─── THE RECORDS

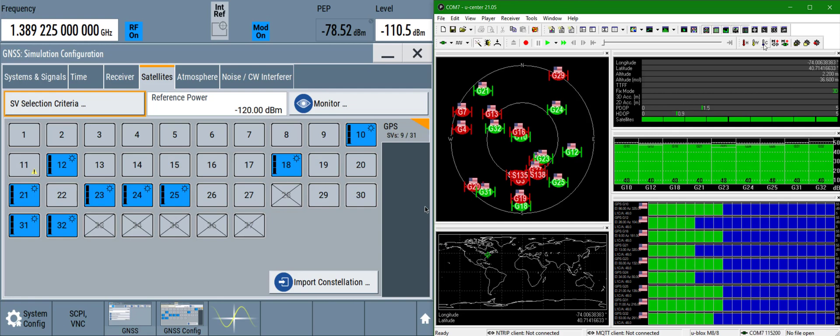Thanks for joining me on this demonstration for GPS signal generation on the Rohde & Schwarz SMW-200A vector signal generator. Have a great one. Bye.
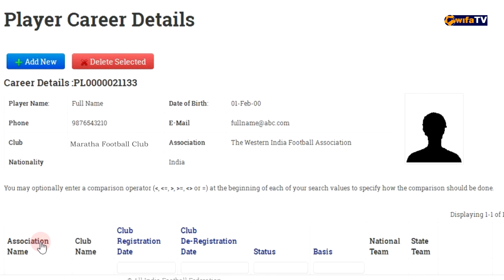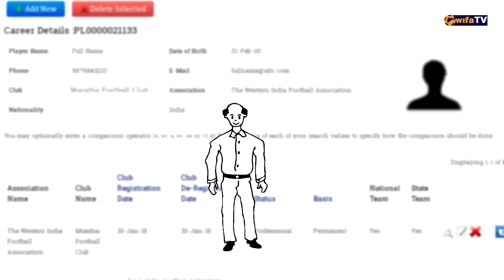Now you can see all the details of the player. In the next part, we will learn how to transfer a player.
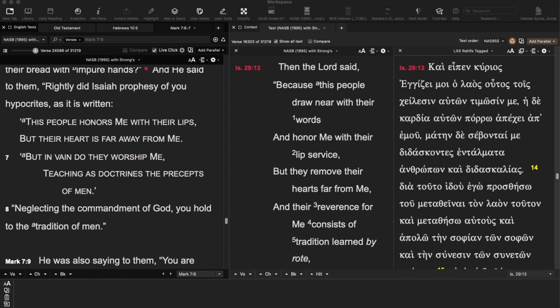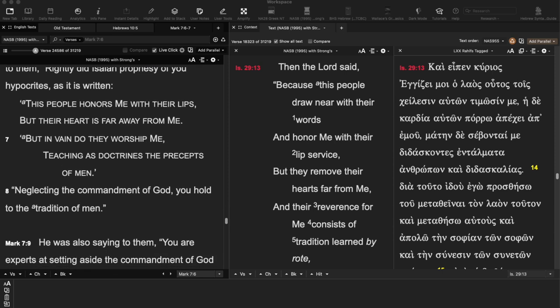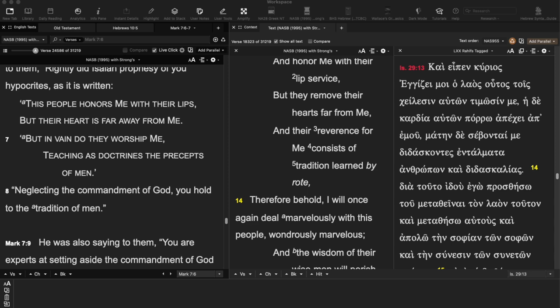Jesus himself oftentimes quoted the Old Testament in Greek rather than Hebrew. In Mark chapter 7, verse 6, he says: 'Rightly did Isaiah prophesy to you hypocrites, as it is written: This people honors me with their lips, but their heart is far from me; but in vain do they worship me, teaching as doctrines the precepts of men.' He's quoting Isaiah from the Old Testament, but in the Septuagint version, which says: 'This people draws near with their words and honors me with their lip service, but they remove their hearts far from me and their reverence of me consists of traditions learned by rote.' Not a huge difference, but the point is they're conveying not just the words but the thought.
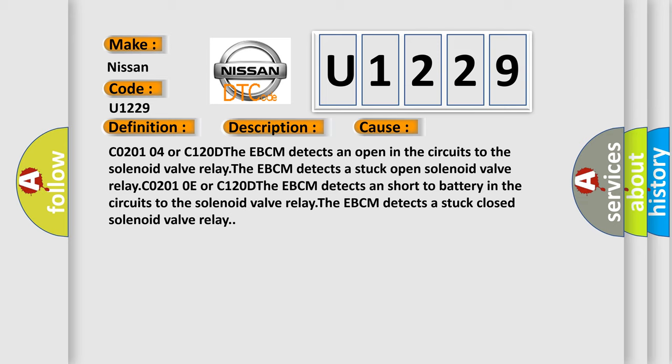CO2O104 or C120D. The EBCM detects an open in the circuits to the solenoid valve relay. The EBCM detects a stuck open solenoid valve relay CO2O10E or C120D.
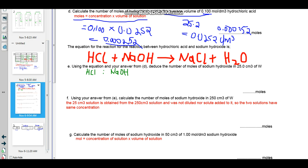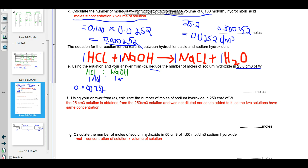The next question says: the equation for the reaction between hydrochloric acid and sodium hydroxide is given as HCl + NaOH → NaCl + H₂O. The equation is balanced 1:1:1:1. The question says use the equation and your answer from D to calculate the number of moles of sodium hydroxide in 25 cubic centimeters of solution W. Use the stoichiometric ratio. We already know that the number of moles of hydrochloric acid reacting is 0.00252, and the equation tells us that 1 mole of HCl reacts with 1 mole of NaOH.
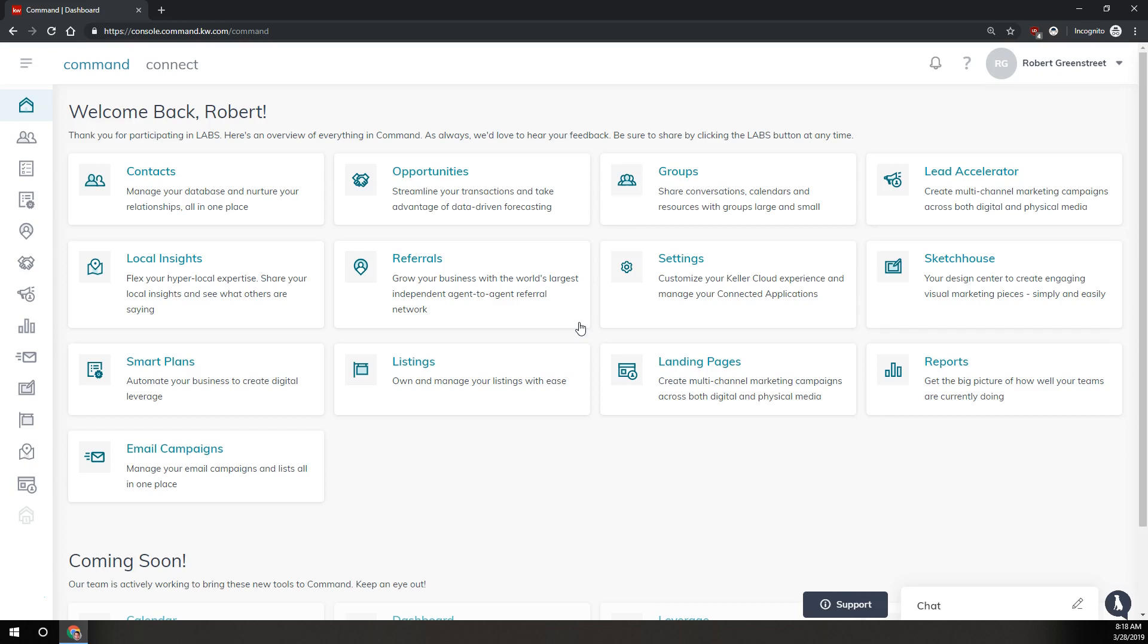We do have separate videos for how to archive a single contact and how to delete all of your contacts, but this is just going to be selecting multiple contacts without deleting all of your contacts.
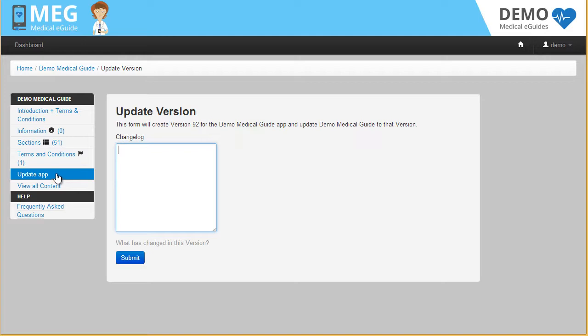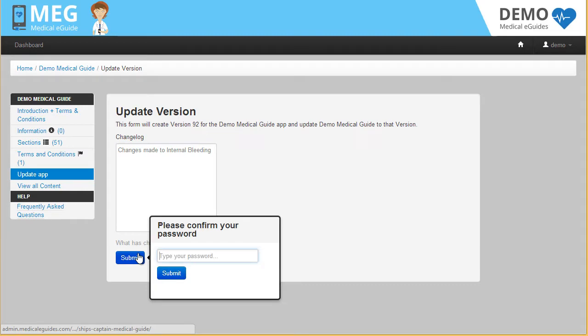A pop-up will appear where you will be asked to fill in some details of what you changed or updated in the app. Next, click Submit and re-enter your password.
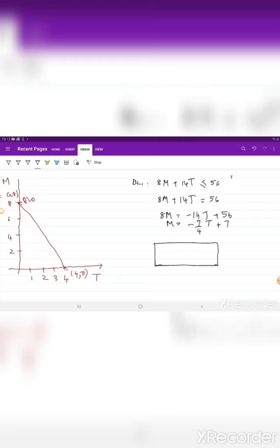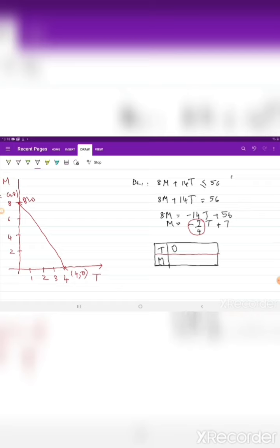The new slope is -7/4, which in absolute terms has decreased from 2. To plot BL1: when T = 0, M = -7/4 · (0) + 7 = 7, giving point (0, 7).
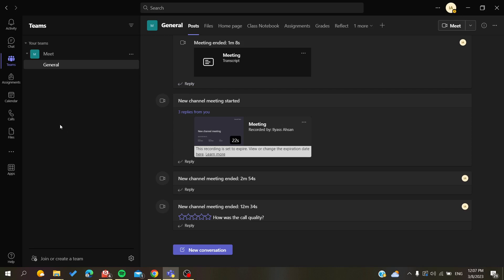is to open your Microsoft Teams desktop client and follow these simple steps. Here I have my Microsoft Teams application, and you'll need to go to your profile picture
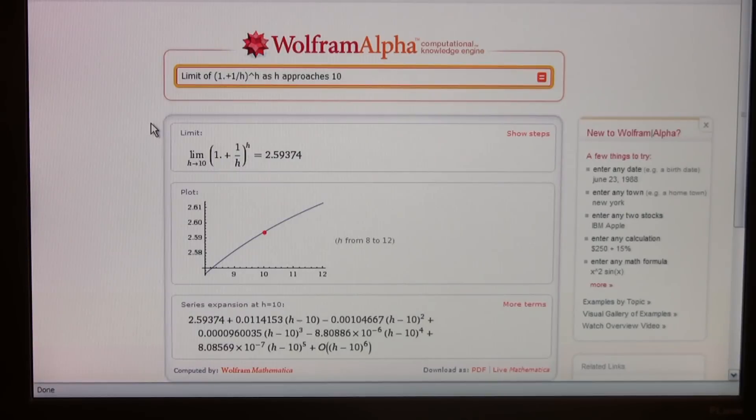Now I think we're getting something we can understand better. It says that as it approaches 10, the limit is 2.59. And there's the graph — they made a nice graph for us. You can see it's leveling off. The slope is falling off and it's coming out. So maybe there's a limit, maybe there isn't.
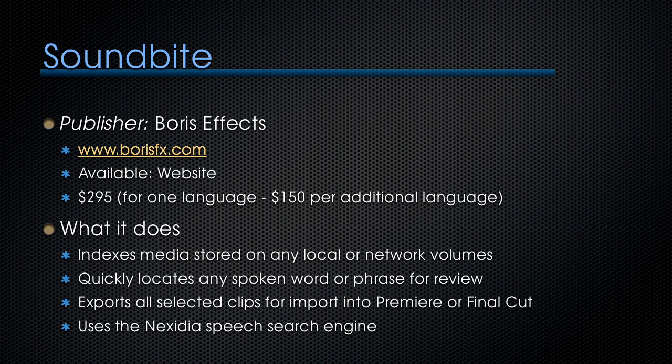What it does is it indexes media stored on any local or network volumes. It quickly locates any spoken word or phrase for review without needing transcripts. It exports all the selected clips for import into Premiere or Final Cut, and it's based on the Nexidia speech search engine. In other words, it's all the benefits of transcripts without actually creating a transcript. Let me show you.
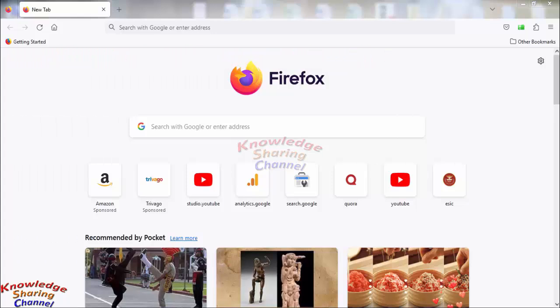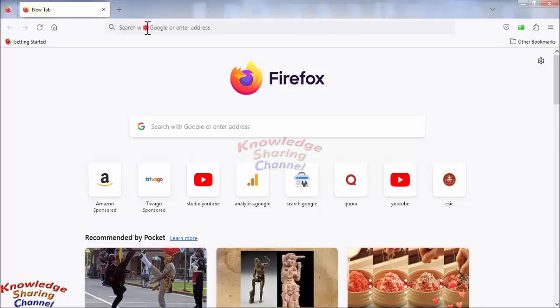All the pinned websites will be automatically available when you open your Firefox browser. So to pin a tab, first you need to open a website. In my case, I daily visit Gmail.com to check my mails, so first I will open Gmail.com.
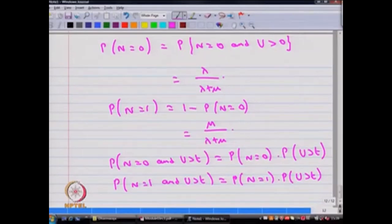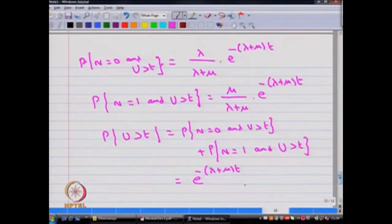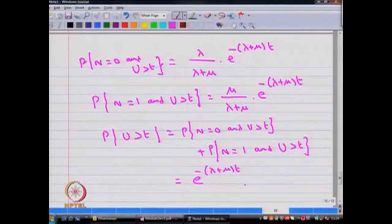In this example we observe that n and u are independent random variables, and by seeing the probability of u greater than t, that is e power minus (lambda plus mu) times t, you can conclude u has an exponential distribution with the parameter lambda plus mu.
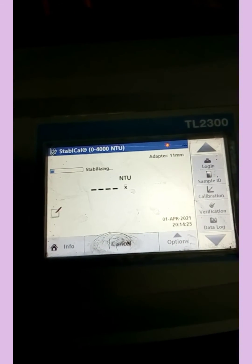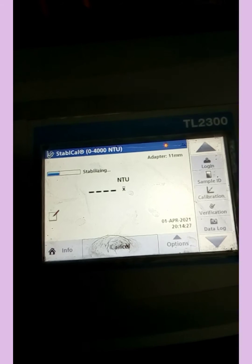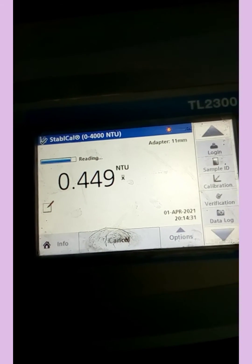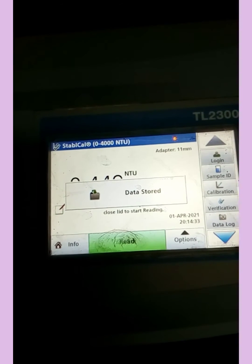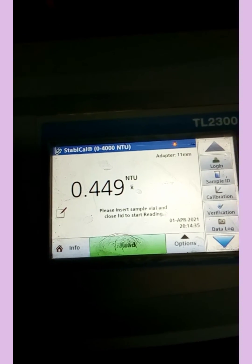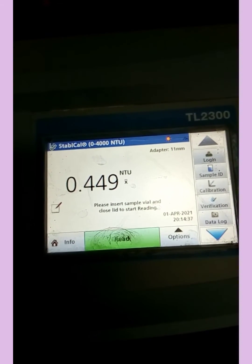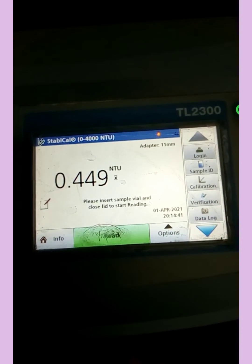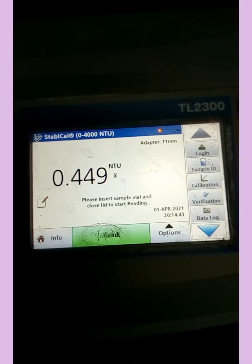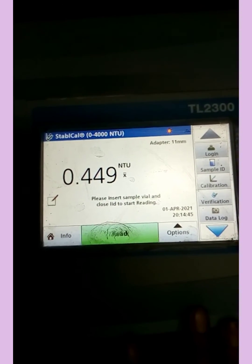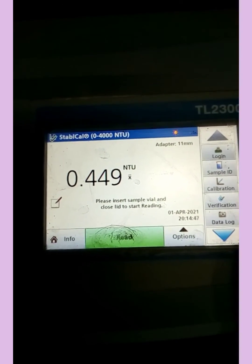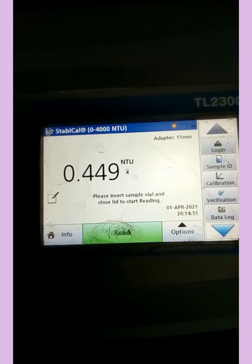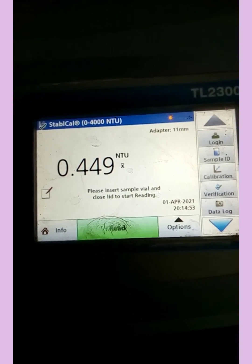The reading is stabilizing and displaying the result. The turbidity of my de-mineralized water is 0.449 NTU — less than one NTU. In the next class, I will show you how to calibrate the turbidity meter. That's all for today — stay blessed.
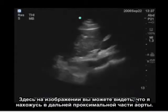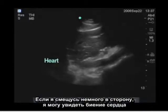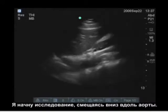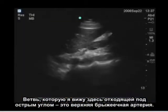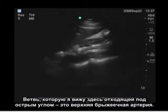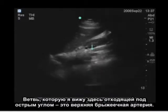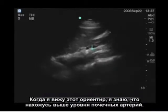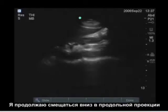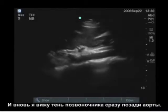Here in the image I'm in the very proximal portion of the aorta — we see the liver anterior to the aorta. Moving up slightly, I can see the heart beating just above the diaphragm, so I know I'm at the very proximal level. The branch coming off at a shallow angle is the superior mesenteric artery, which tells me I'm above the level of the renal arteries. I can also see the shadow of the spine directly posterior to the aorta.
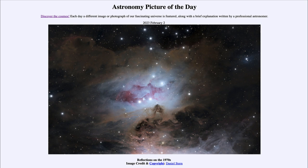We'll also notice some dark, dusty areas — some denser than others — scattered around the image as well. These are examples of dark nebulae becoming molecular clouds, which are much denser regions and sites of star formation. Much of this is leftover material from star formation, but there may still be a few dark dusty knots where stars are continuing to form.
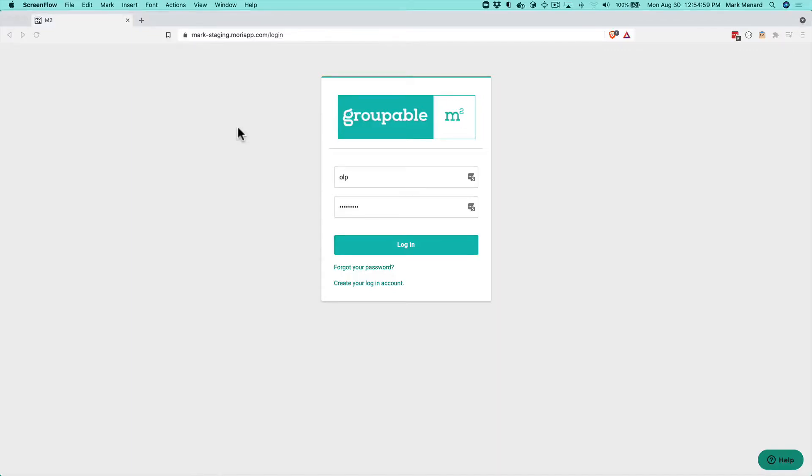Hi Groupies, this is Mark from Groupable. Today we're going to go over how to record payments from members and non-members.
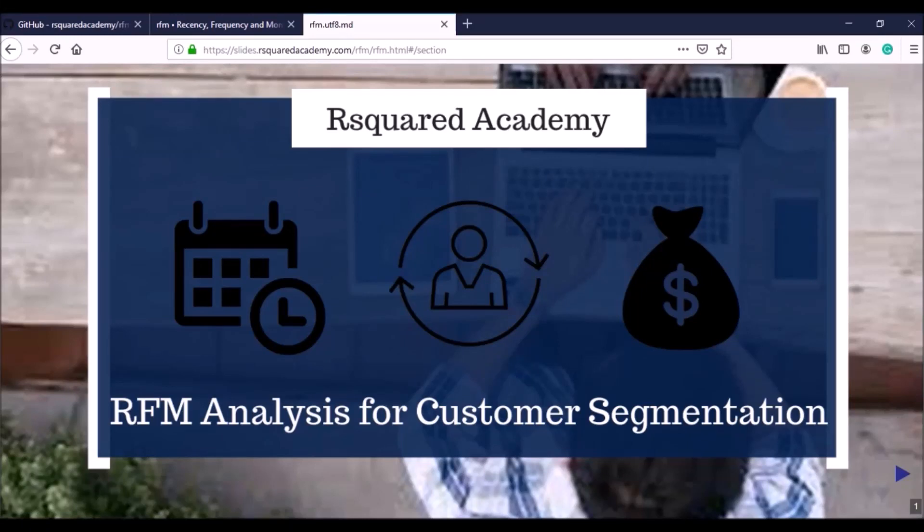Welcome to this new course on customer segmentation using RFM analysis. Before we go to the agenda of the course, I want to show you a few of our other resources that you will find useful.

──────

▸ TASK TO COMPLETE: The answer should contain nothing but the lines from the top of the data above through the line containing "Now you can", copied exactly, with no images.

▸ SOLUTION TO THE EXERCISE:
Thanks for joining me on this demonstration for GPS signal generation on the Rohde & Schwarz SMW-200A vector signal generator. Have a great one. Bye.
Now you can see all the details of the player. In the next part, we will learn how to transfer a player.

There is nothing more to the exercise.